Work task = Keep the pictures out, and restate the listing that follows exactly as written.
-*-*-
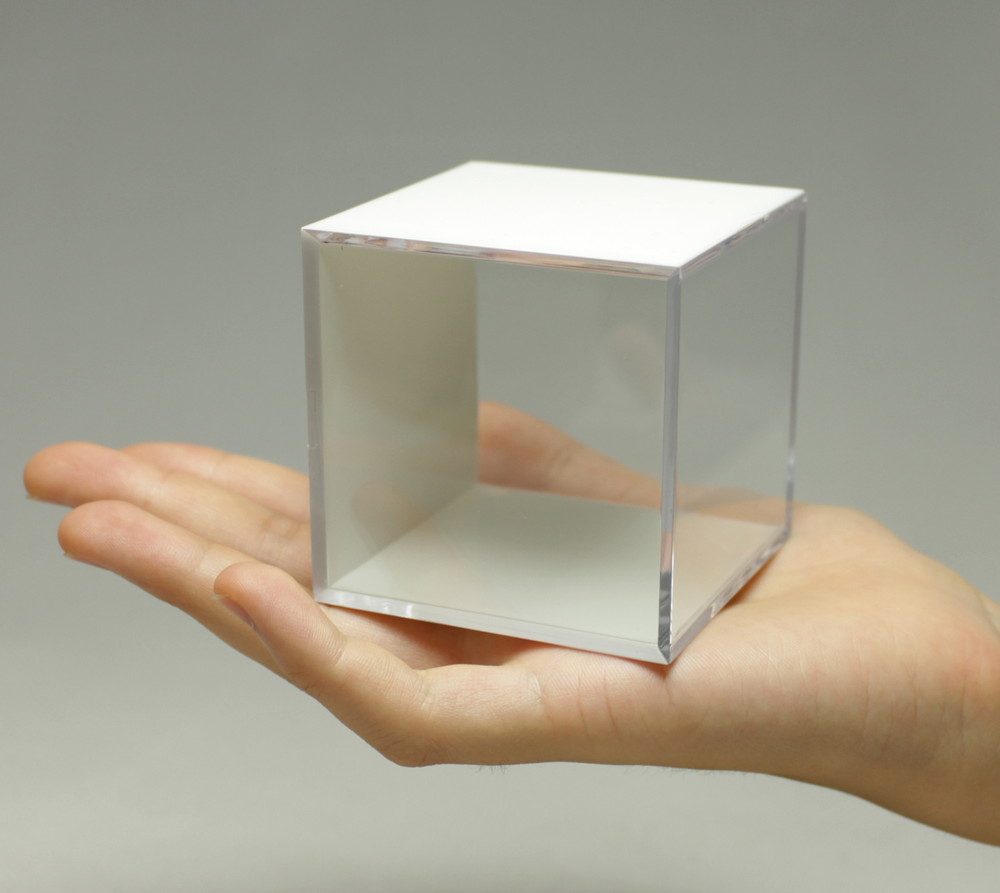 MINORU CUBE Clear Display Case CLEARxWHITE S(Small)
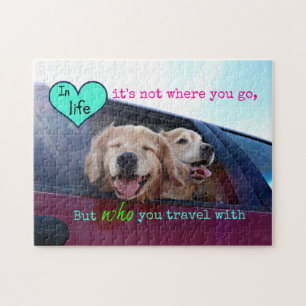 Golden Retriever Travel Friendship Legpuzzel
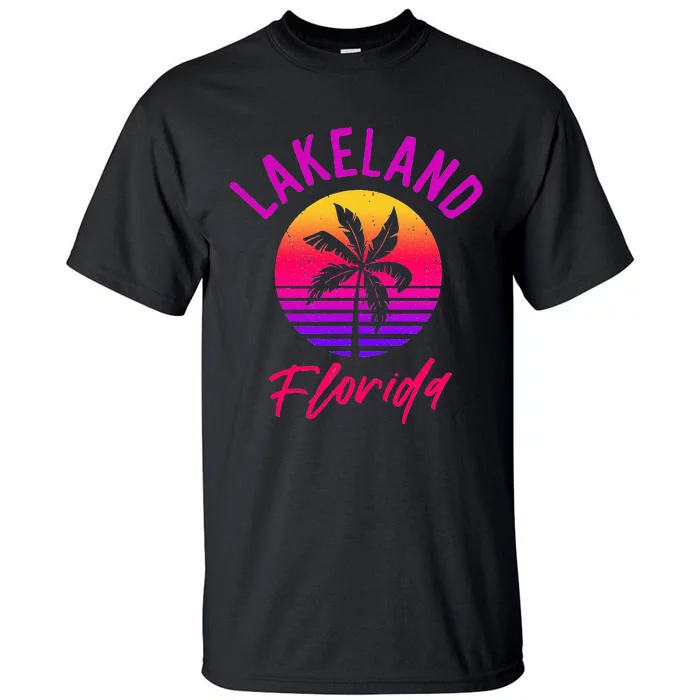 Lakeland Florida Cool Retro Vintage Sun Of Lakeland Fl Tall T-Shirt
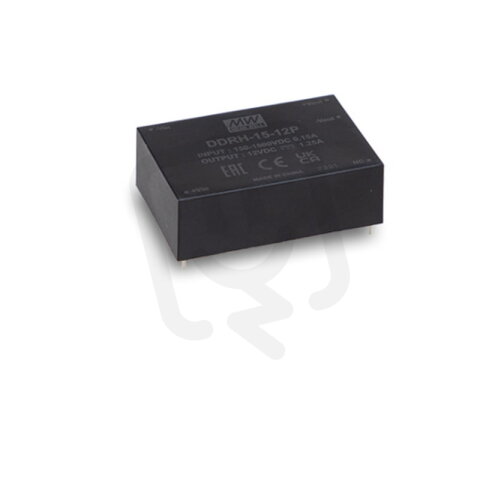 Měnič DC/DC 10W 5V 2000mA MEAN WELL DDRH-15-05P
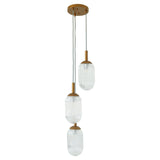 Gala Pendant Lamp - Bronze and Clear by Ashcroft Imports at Eve Furniture
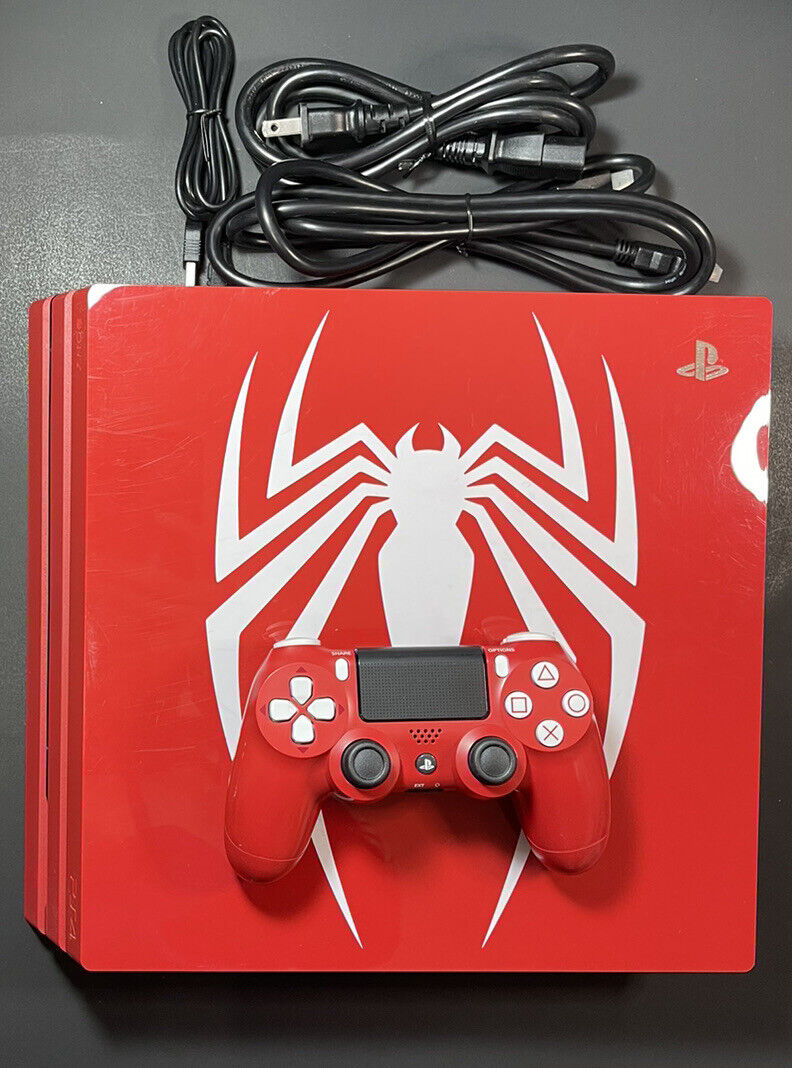 PS4 Pro 1TB Console [ Marvel&#039;s Spider-Man Red Limited ] USED | eBay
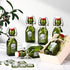 20 Pack Pattern,4oz) Queekay Mini Swing Top Glass Bottles for Vanilla Extract Homemade Olive Oil Bottles with Lids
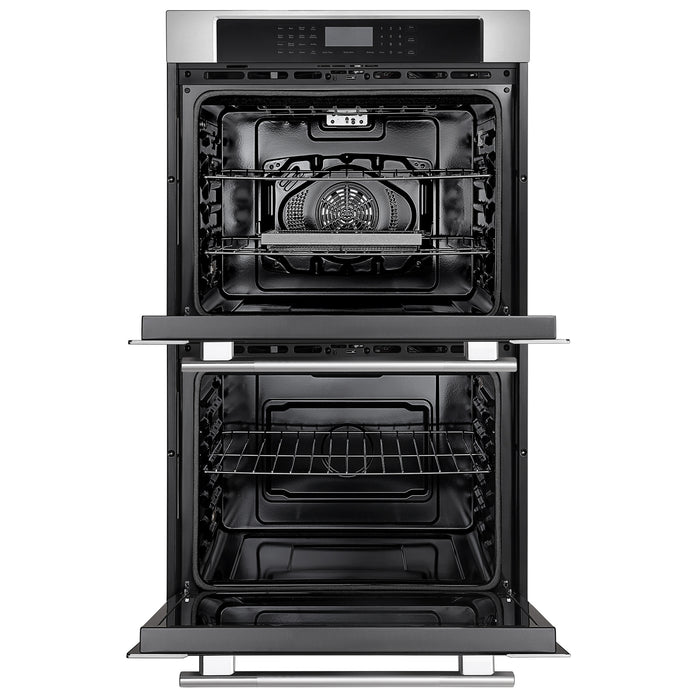 Empava Electric Double Wall Oven 30" 10.0 cu. ft. Capacity in Stainless Steel with 10 Cooking Modes and Digital Touch Controls
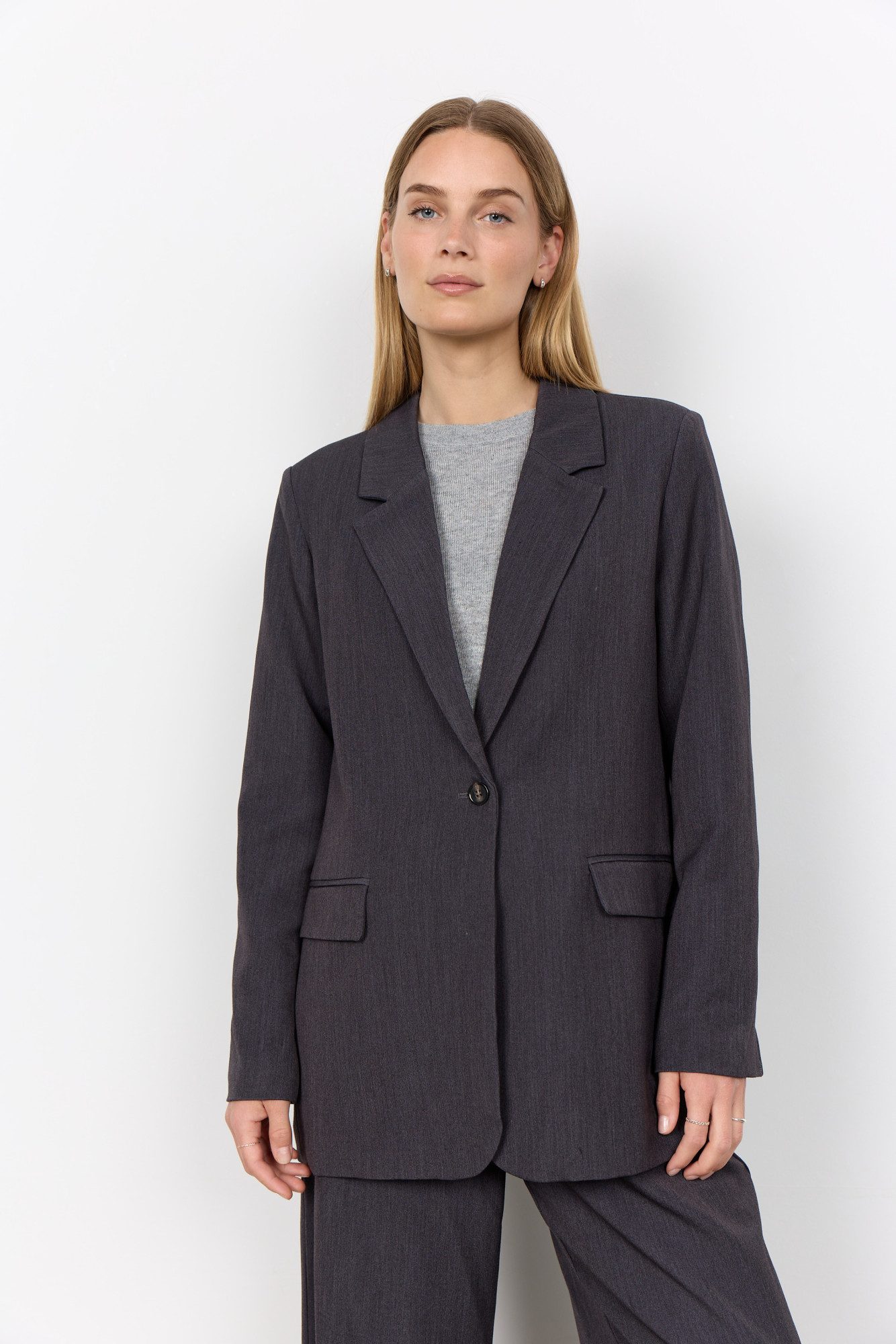 soyaconcept Longblazer SC-ANN 2 Materialmix mit Stretch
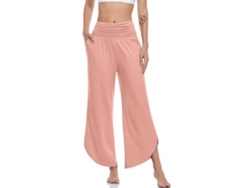 Braguitas De Yoga De Talle Alto Y Pierna Ancha Para Mujer, Cómodas Y Con Bolsillos.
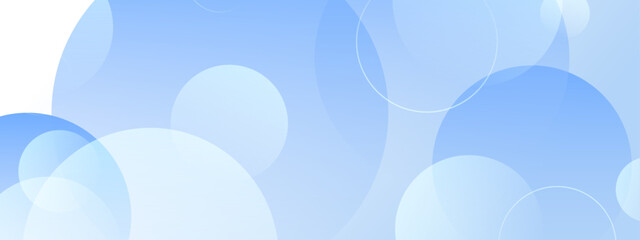 Overlapping translucent blue circles create abstract background. Suitable for web design, presentations, digital art, and technology concepts.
-*-*-
Expected answer =
 MINORU CUBE Clear Display Case CLEARxWHITE S(Small)
 Golden Retriever Travel Friendship Legpuzzel
 Lakeland Florida Cool Retro Vintage Sun Of Lakeland Fl Tall T-Shirt
 Měnič DC/DC 10W 5V 2000mA MEAN WELL DDRH-15-05P
 Gala Pendant Lamp - Bronze and Clear by Ashcroft Imports at Eve Furniture
 PS4 Pro 1TB Console [ Marvel&#039;s Spider-Man Red Limited ] USED | eBay
 20 Pack Pattern,4oz) Queekay Mini Swing Top Glass Bottles for Vanilla Extract Homemade Olive Oil Bottles with Lids
 Empava Electric Double Wall Oven 30" 10.0 cu. ft. Capacity in Stainless Steel with 10 Cooking Modes and Digital Touch Controls
 soyaconcept Longblazer SC-ANN 2 Materialmix mit Stretch
 Braguitas De Yoga De Talle Alto Y Pierna Ancha Para Mujer, Cómodas Y Con Bolsillos.
 Overlapping translucent blue circles create abstract background. Suitable for web design, presentations, digital art, and technology concepts.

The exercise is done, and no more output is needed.